Kerby Anderson
Donald Trump has nominated Dr. Jay Bhattacharya to lead the National Institute of Health (NIH). If you are not familiar with him, he is a Stanford University professor of medicine and health research policy.
Allysia Finley calls this the “revenge of the Covid lockdown skeptics.” During the pandemic and lockdowns, Dr. Bhattacharya attempted to inject some common sense into the government’s policies. The head of the NIH during that period was Dr. Francis Collins, who referred to the professor as a “fringe scientist.”

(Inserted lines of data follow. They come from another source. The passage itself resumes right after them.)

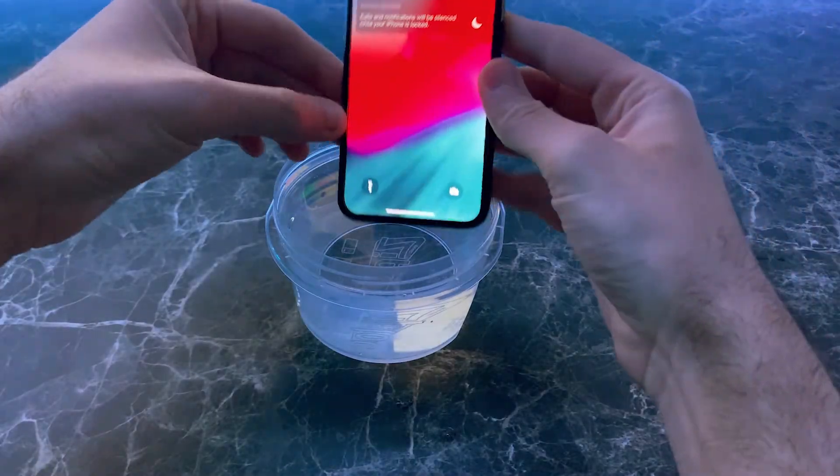What's up guys? In today's video we're going to be giving my phone a bath. What? Bro, what are you talking about man? No.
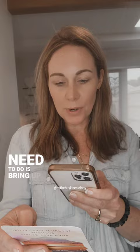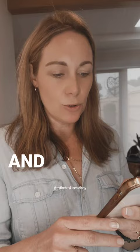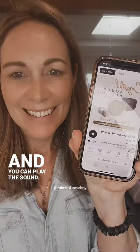Isn't that incredible? I'm going to show you just now. So this one here is Lemurian Seed Crystal — it's Shungite and Aqua Aura Quartz. It's about stillness, rejuvenation, and soul purpose. So if I want the sound of that, all I need to do is bring up the QR code by scanning it on the phone and then it brings up something and you can play the sound.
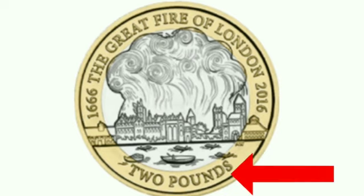Here's the voiceover and a picture of the coin front and back. This is Charles doing the voiceover. Now you should be able to see the first side of the two pound coin. Around the edges it says 1666, The Great Fire of London, 2016, and at the bottom it says two pounds.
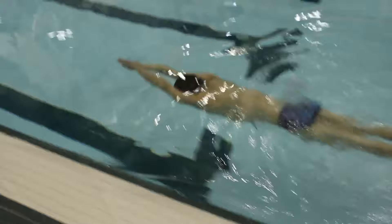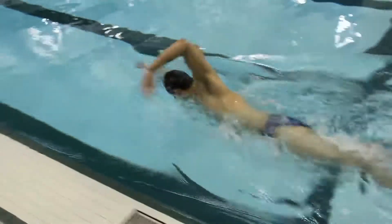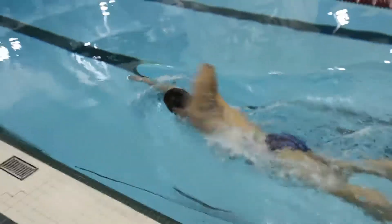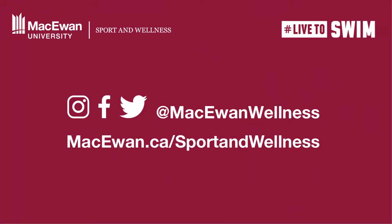So I'm going to get Colin to do a little demonstration here. As you can see with Colin, he's putting his hand in the water in front of his shoulder, getting the fingertips down and wrists down before he starts pulling back.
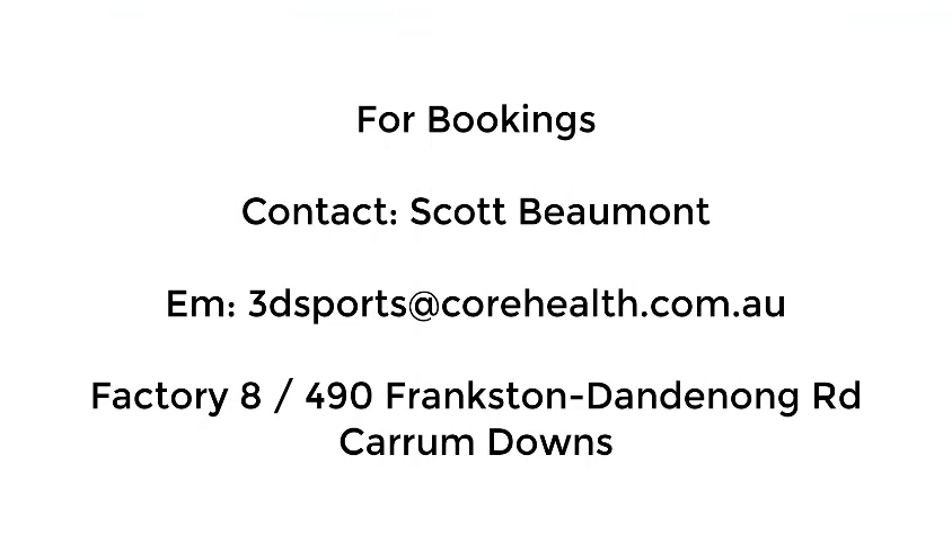For bookings, contact Scott Beaumont at Core 3D Sports Performance Centre. Email 3dsports at corehealth.com.au.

Dr. Bhattacharya, along with scientists from Harvard and Oxford, put together what came to be known as “The Great Barrington Declaration.” The tens of thousands of scientists expressed their “grave concerns about the damaging physical and mental health impacts of the prevailing COVID-19 policies.”
Once it was published, Francis Collins urged a “quick and devastating take down of its premises” in an email to Anthony Fauci. In a Washington Post interview, Dr. Collins denounced the declaration as a “fringe component of epidemiology” and further said it was “not mainstream science.”
Of course, we now know who was wrong. The lockdowns devastated the economy and stunted school children’s learning for a generation. And social media was all too willing to censor any medical view that contradicted the government’s mantra. Twitter blacklisted the professor.
Why didn’t others speak up? Unfortunately, there was a financial incentive to agree with rather than contradict Francis Collins and Anthony Fauci. It is all to fitting that Donald Trump wants to put Dr. Bhattacharya in charge of the NIH.